#### Assignment
Look through the records below for the line with "BRITISH HONDURAS Sc". Return that line and each one after it up to and including the line with "Swivel dining chairs", exactly.

#### Given records
+-------+

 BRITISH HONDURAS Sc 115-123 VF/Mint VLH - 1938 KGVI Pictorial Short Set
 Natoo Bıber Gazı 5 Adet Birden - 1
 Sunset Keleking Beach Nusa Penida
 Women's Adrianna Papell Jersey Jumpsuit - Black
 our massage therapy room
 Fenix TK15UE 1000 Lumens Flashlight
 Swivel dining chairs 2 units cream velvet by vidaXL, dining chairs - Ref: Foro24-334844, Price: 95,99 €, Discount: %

+-------+

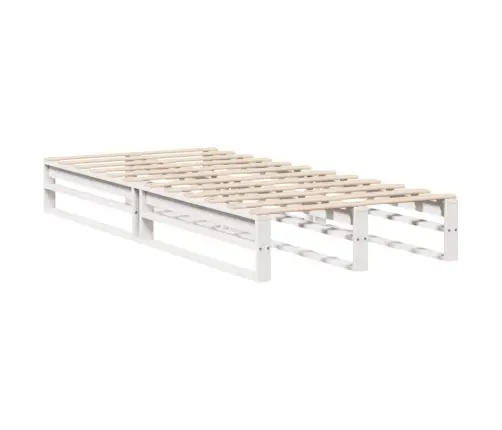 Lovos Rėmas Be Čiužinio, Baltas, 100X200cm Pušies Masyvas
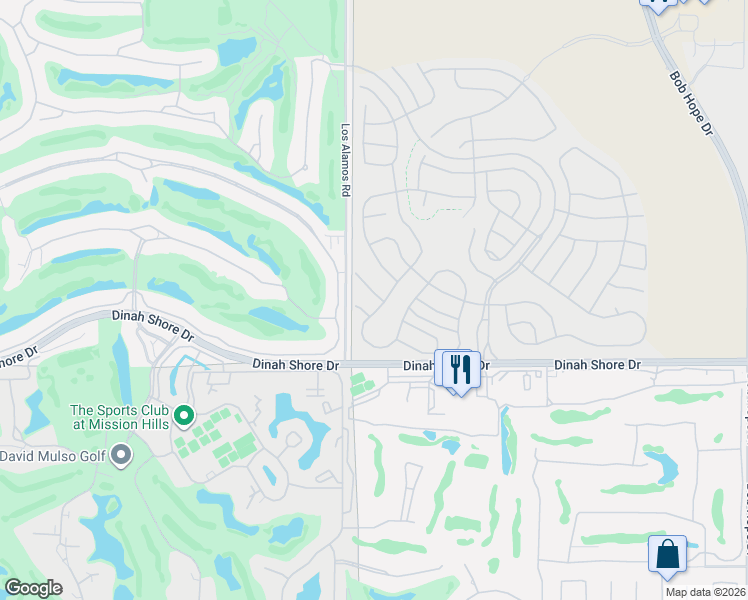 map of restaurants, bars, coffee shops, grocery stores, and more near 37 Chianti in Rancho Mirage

+-------+

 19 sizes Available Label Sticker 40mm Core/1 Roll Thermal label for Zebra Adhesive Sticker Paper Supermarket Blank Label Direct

+-------+

#### Result of this task
 BRITISH HONDURAS Sc 115-123 VF/Mint VLH - 1938 KGVI Pictorial Short Set
 Natoo Bıber Gazı 5 Adet Birden - 1
 Sunset Keleking Beach Nusa Penida
 Women's Adrianna Papell Jersey Jumpsuit - Black
 our massage therapy room
 Fenix TK15UE 1000 Lumens Flashlight
 Swivel dining chairs 2 units cream velvet by vidaXL, dining chairs - Ref: Foro24-334844, Price: 95,99 €, Discount: %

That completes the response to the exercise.